News Analysis: European Union Leaders Agree to Slimmer Budget

BRUSSELS — As European Union leaders began their 14th hour of budget negotiations after a sleepless night, Valdis Dombrovskis, the prime minister of Latvia, took the floor early Friday to address what, for his Baltic nation of around two million people, is a vital question: Why should a Latvian cow deserve less money than a French, Dutch or even Romanian one?

In a system that requires unanimous approval of budget decisions, what Latvia wants for its dairy farmers — or Estonia for its railways, Hungary for its poorer regions or Spain for its fishermen — is no small matter. It is this cacophony of local concerns that explains why, despite Germany’s outsize role in decision-making, the European Union has such trouble reaching an agreement on something as basic as a budget.

And if simply agreeing to a budget is so daunting to member countries, it raises serious questions about the limits of the political and economic integration that have long been the master plan for champions of European unity.

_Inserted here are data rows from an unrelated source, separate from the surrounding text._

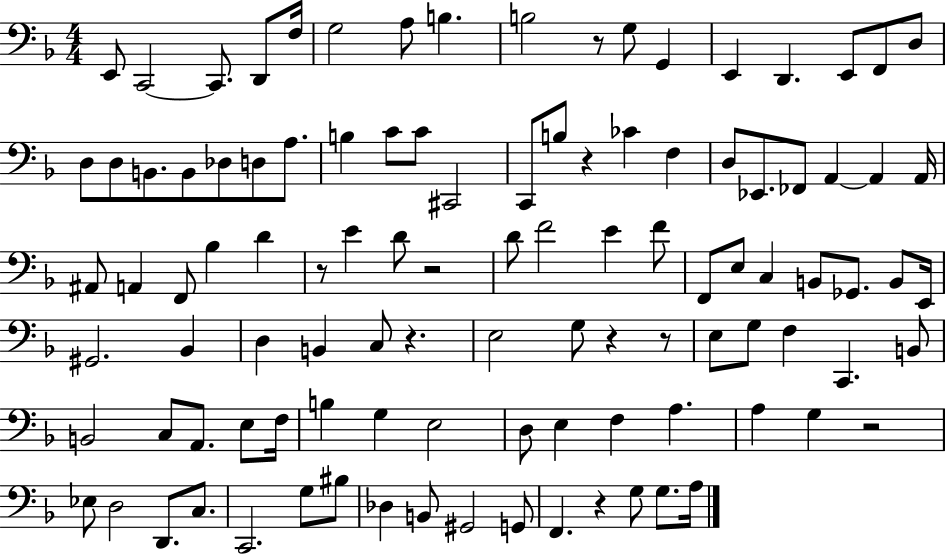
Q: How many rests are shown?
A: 9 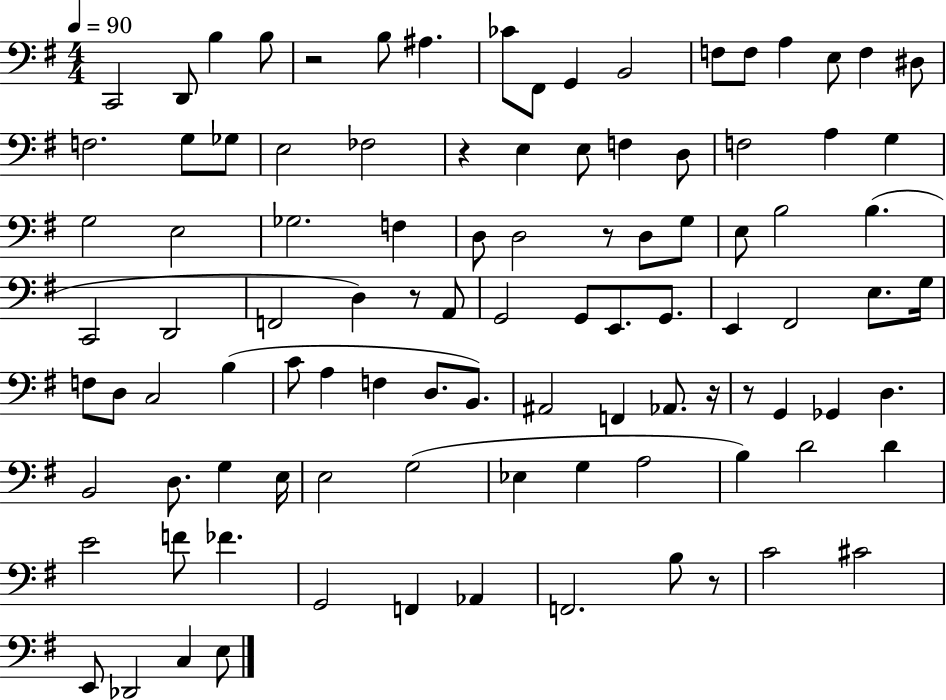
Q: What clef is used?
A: bass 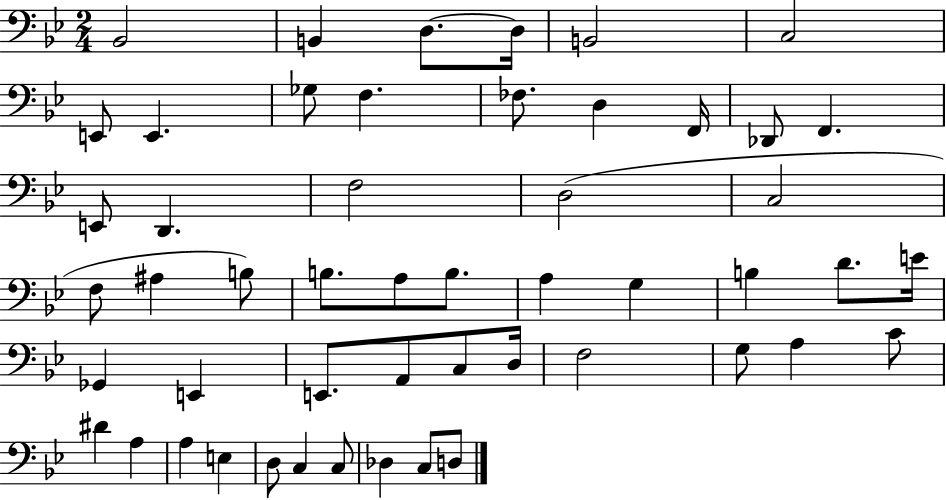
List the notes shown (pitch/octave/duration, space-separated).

Bb2/h B2/q D3/e. D3/s B2/h C3/h E2/e E2/q. Gb3/e F3/q. FES3/e. D3/q F2/s Db2/e F2/q. E2/e D2/q. F3/h D3/h C3/h F3/e A#3/q B3/e B3/e. A3/e B3/e. A3/q G3/q B3/q D4/e. E4/s Gb2/q E2/q E2/e. A2/e C3/e D3/s F3/h G3/e A3/q C4/e D#4/q A3/q A3/q E3/q D3/e C3/q C3/e Db3/q C3/e D3/e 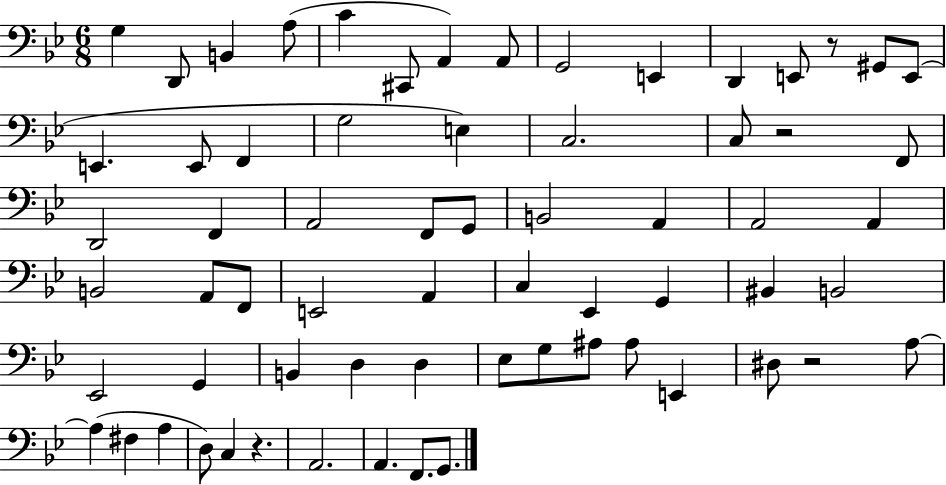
{
  \clef bass
  \numericTimeSignature
  \time 6/8
  \key bes \major
  g4 d,8 b,4 a8( | c'4 cis,8 a,4) a,8 | g,2 e,4 | d,4 e,8 r8 gis,8 e,8( | \break e,4. e,8 f,4 | g2 e4) | c2. | c8 r2 f,8 | \break d,2 f,4 | a,2 f,8 g,8 | b,2 a,4 | a,2 a,4 | \break b,2 a,8 f,8 | e,2 a,4 | c4 ees,4 g,4 | bis,4 b,2 | \break ees,2 g,4 | b,4 d4 d4 | ees8 g8 ais8 ais8 e,4 | dis8 r2 a8~~ | \break a4( fis4 a4 | d8) c4 r4. | a,2. | a,4. f,8. g,8. | \break \bar "|."
} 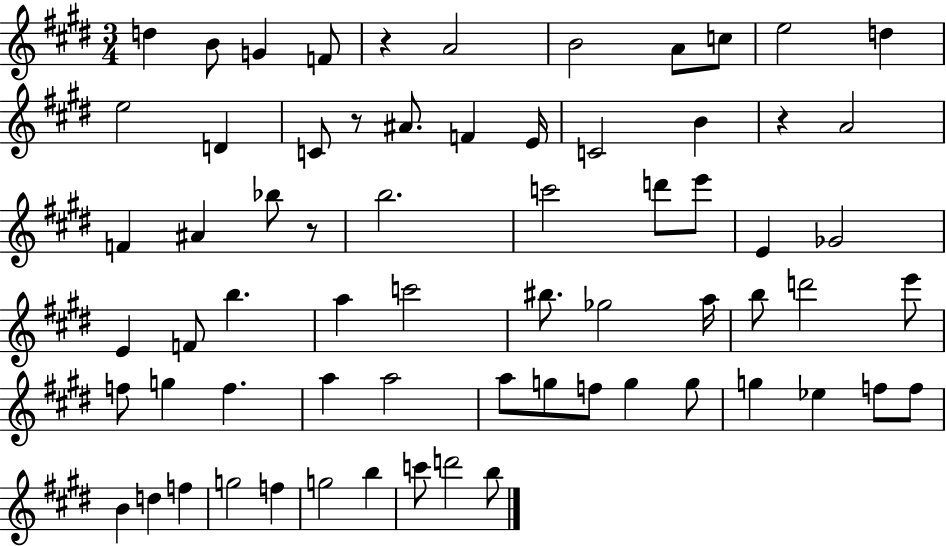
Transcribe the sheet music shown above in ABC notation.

X:1
T:Untitled
M:3/4
L:1/4
K:E
d B/2 G F/2 z A2 B2 A/2 c/2 e2 d e2 D C/2 z/2 ^A/2 F E/4 C2 B z A2 F ^A _b/2 z/2 b2 c'2 d'/2 e'/2 E _G2 E F/2 b a c'2 ^b/2 _g2 a/4 b/2 d'2 e'/2 f/2 g f a a2 a/2 g/2 f/2 g g/2 g _e f/2 f/2 B d f g2 f g2 b c'/2 d'2 b/2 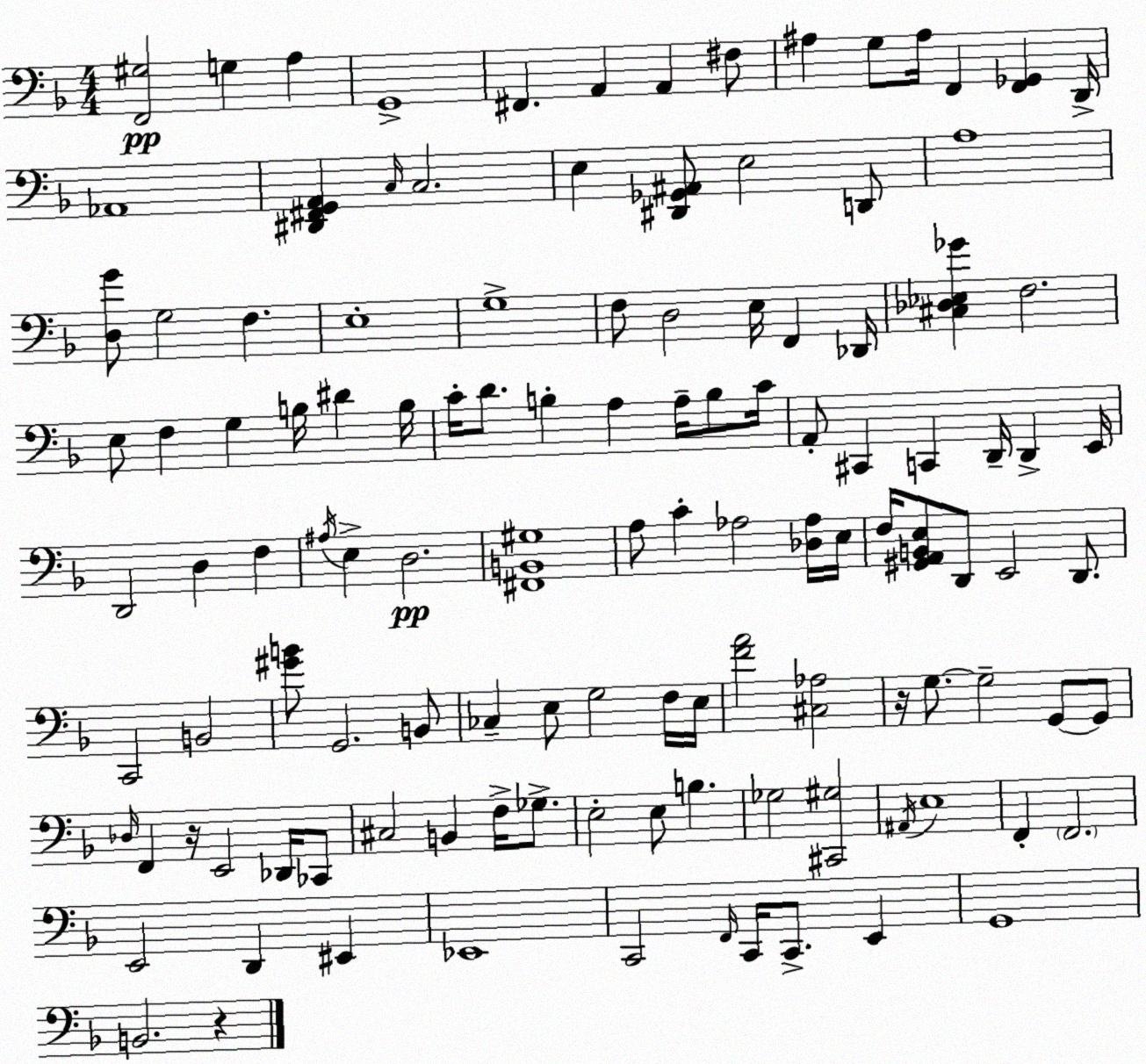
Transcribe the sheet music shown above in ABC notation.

X:1
T:Untitled
M:4/4
L:1/4
K:F
[F,,^G,]2 G, A, G,,4 ^F,, A,, A,, ^F,/2 ^A, G,/2 ^A,/4 F,, [F,,_G,,] D,,/4 _A,,4 [^D,,^F,,G,,A,,] C,/4 C,2 E, [^D,,_G,,^A,,]/2 E,2 D,,/2 A,4 [D,G]/2 G,2 F, E,4 G,4 F,/2 D,2 E,/4 F,, _D,,/4 [^C,_D,_E,_G] F,2 E,/2 F, G, B,/4 ^D B,/4 C/4 D/2 B, A, A,/4 B,/2 C/4 A,,/2 ^C,, C,, D,,/4 D,, E,,/4 D,,2 D, F, ^A,/4 E, D,2 [^F,,B,,^G,]4 A,/2 C _A,2 [_D,_A,]/4 E,/4 F,/4 [^G,,A,,B,,E,]/2 D,,/2 E,,2 D,,/2 C,,2 B,,2 [^GB]/2 G,,2 B,,/2 _C, E,/2 G,2 F,/4 E,/4 [FA]2 [^C,_A,]2 z/4 G,/2 G,2 G,,/2 G,,/2 _D,/4 F,, z/4 E,,2 _D,,/4 _C,,/2 ^C,2 B,, F,/4 _G,/2 E,2 E,/2 B, _G,2 [^C,,^G,]2 ^A,,/4 E,4 F,, F,,2 E,,2 D,, ^E,, _E,,4 C,,2 F,,/4 C,,/4 C,,/2 E,, G,,4 B,,2 z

After a failed attempt to set spending targets at a summit meeting in November and in a 24-hour marathon of talks this week, European leaders finally agreed late Friday to a common budget for the next seven years. The new budget, slightly smaller than its predecessor — the first decrease in the European Union’s history — reflects the climate of austerity across a Continent still struggling to emerge from a crippling debt crisis.

The colossal effort that was required to agree to a sum of about 960 billion euros ($1.3 trillion), a mere 1 percent of the bloc’s gross domestic product, exposed once again the stubborn attachment to national priorities that has made reaching agreements on how to save the euro so painful in recent years.

“We need to agree, and to agree we need to take into account all countries,” Mr. Dombrovskis said in an interview. The Latvian leader, who rushed to his hotel for a shave, shower and change of shirt in the middle of the night, described the ordeal as “not a pleasant experience,” but said, “It only happens every seven years, so we can tolerate it.”

But toleration is not the same thing as cooperation.

“What we’re seeing is that European integration is very important to European leaders as long as it doesn’t imply that someone has to be paying for someone else,” said Daniel Gros, director of the Center for European Policy Studies, a research organization in Brussels. “Sharing a European budget is not going to be the essence of the E.U., but crafting the rule books for open borders and stable banking systems will be.”

The spectacle of European leaders haggling through the night over amounts of money representing rounding errors in their national accounts demonstrated vividly their reluctance to make collective policies that erode their nations’ sovereignty.

“The budget negotiations are the most visible sign of member states winning and losing from the European Union,” said Hugo Brady, a senior research fellow at the Center for European Reform, a research organization. “The result is a totally parochial budget that is poorly adapted to rapidly changing times.”

Before it becomes law, the deal faces yet another hurdle in the European Parliament, which has the power to veto the budget.

Some of the most influential figures in Parliament have already signaled that they are prepared to reject a budget that would spend less on Europe in the years ahead.

Martin Schulz, the president of Parliament, said this week that he would not approve a budget that widened the gap between the cash governments pay up front and the somewhat higher amounts, known as commitments, that make up the overall budget.

Britain, Sweden and the Netherlands were among the Northern European nations that fought hard to reduce agricultural subsidies and increase spending on research and development to bolster the bloc’s global competitiveness.

Despite those efforts, farm spending remained the largest single portion of the budget, accounting for about 38 percent of the total — although that was down from about 42 percent in the previous seven-year budget period.

Galileo, a grossly overbudget and still unfinished satellite navigation project that aims to free Europe from its dependence on the United States’ global positioning system, escaped the cuts and is to receive 6.3 billion euros from 2014 to 2020.

This article has been revised to reflect the following correction:

Correction: February 8, 2013

An earlier version of this article misspelled, on one reference, the last name of the Latvian prime minister. It is Dombrovskis, not Domobrovskis.